> _Task details_
Once the pictures are set aside, print the records that follow exactly as written.

━━ Data records

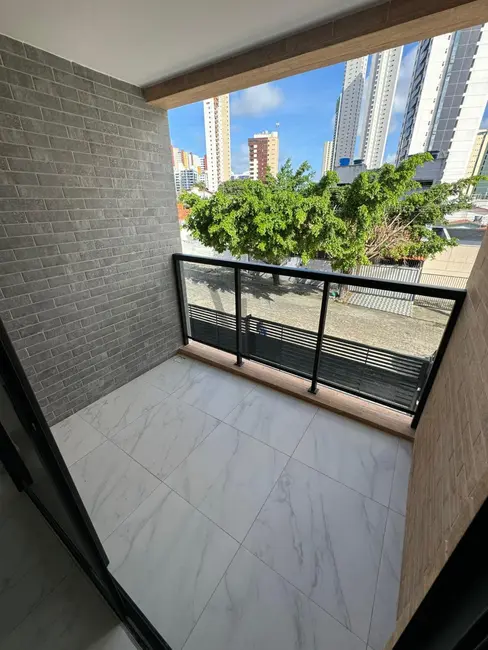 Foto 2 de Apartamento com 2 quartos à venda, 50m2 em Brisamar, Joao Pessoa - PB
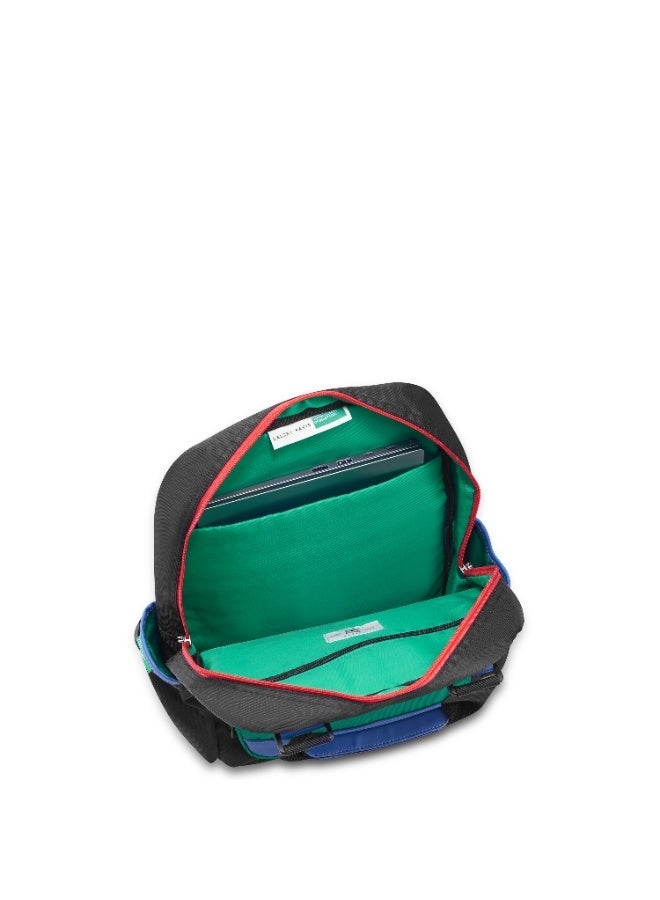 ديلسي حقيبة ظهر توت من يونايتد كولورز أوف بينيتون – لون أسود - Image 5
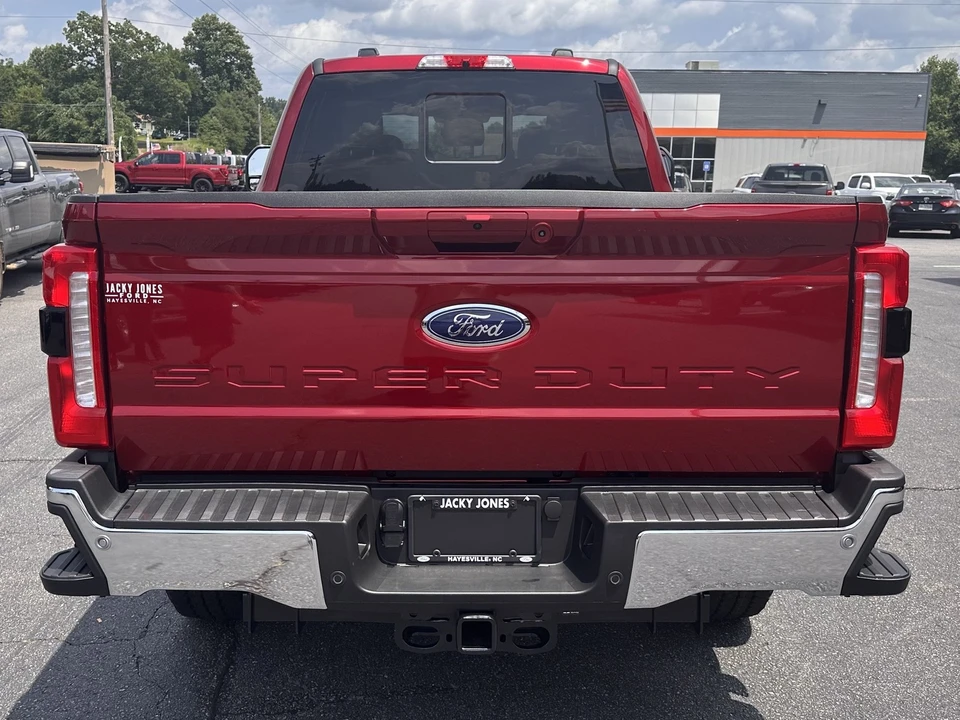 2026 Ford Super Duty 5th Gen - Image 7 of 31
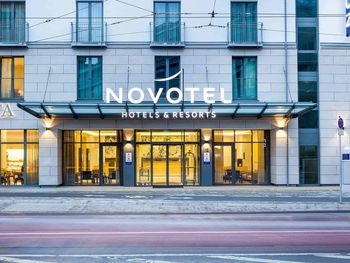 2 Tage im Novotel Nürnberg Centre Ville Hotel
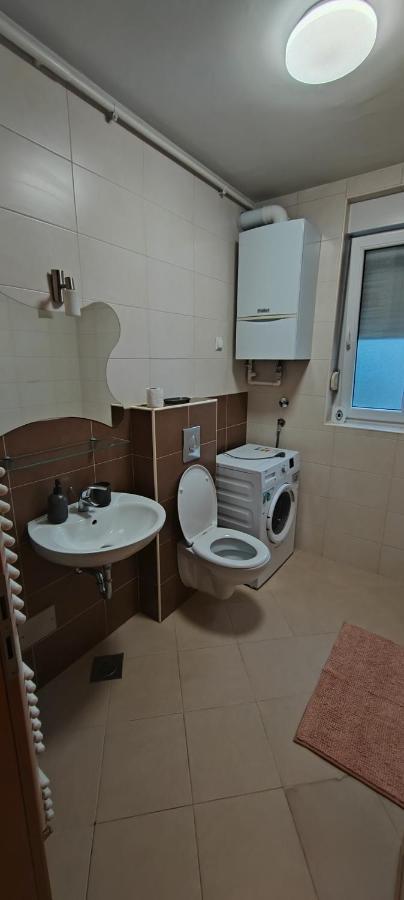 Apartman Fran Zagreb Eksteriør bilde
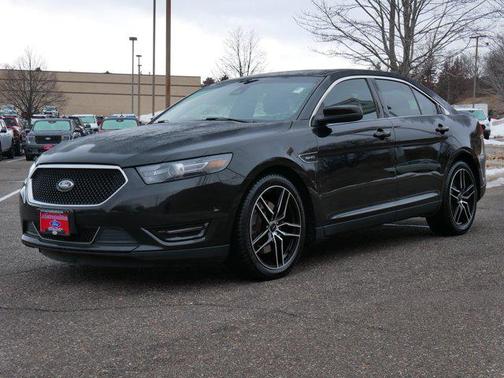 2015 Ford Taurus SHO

━━━━

> _Solution to the problem_
 Foto 2 de Apartamento com 2 quartos à venda, 50m2 em Brisamar, Joao Pessoa - PB
 ديلسي حقيبة ظهر توت من يونايتد كولورز أوف بينيتون – لون أسود - Image 5
 2026 Ford Super Duty 5th Gen - Image 7 of 31
 2 Tage im Novotel Nürnberg Centre Ville Hotel
 Apartman Fran Zagreb Eksteriør bilde
 2015 Ford Taurus SHO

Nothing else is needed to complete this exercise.